Wouldn't work with my crew though.... 
they get too much pleasure out of pushing each other around. lol


----------



## Saltlick (Jun 12, 2011)

I LOVE that!!!!


----------



## Nanno (Aug 30, 2009)

Phil's dream is to build the world's tallest goat tower. The current tallest is 32 feet. The law allows us to build structures up to 35 feet. World's tallest goat tower, here we come! I think we want to make ours from stone instead of brick. We have plenty around here.


----------



## Jake Levi (Jun 9, 2011)

How about just plain old garden variety goat sheds?

I am sketching one now, using Larrys ideas of a bolt together one that can be moved, it will have a goat pen on each end with a chicken pen in the center, in the spring a buck and a wether will be in the end pens, and after the does and the buck to one pen and the wethers in the other.


----------



## Rex (Nov 30, 2008)

Jake said:


> How about just plain old garden variety goat sheds?
> 
> I am sketching one now, using Larrys ideas of a bolt together one that can be moved, it will have a goat pen on each end with a chicken pen in the center, in the spring a buck and a wether will be in the end pens, and after the does and the buck to one pen and the wethers in the other.


Don't forget hay storage. The last thing you want to do is pack hay bales all winter. The closer to the goat pen you can store your hay the better.


----------



## Jake Levi (Jun 9, 2011)

For sure, my hay has to be tarped this year, the shed is a moveable one, if taken apart, I am just in this cabin til I find something more permenant, I do love this cnty though for all that it offers for our sport. And for just plain living life as I want to.


----------



## Bob Jones (Aug 21, 2009)

Nanno said:


> Phil's dream is to build the world's tallest goat tower. The current tallest is 32 feet.
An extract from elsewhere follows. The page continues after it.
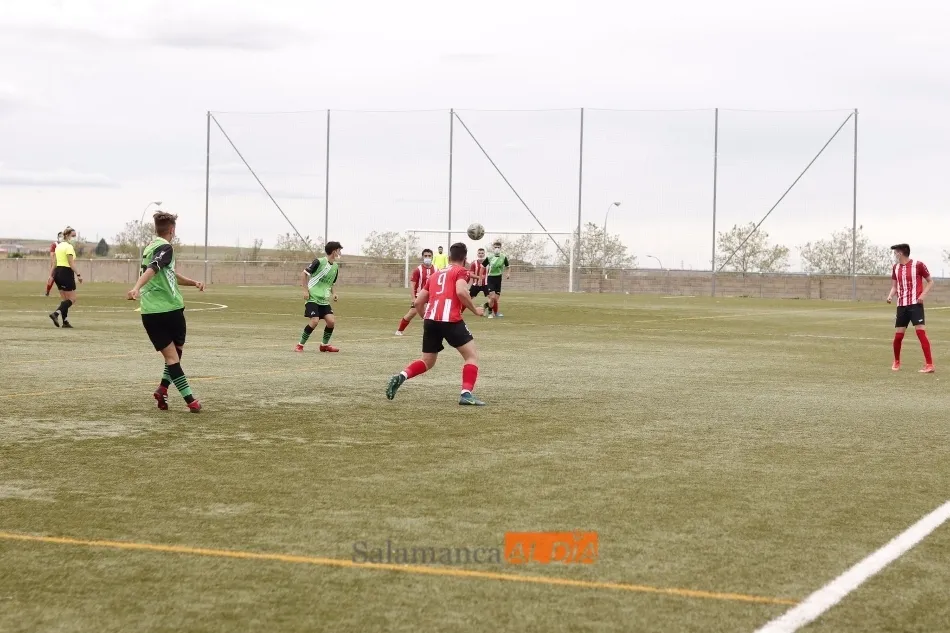 Foto 3 - Sexta jornada en la Provincial de Aficionados con una intensa pelea por el liderato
The law allows us to build structures up to 35 feet. World's tallest goat tower, here we come! I think we want to make ours from stone instead of brick. We have plenty around here.


As soon as you do, the other guy will add a clock tower... where will it end? ;-)


----------



## Jake Levi (Jun 9, 2011)

Well, I wish that they would all practice their barn building here !!


----------



## TOU (Aug 18, 2013)

I see unused silos in my travels in Kansas all the time...makes me think someone should convert one.


----------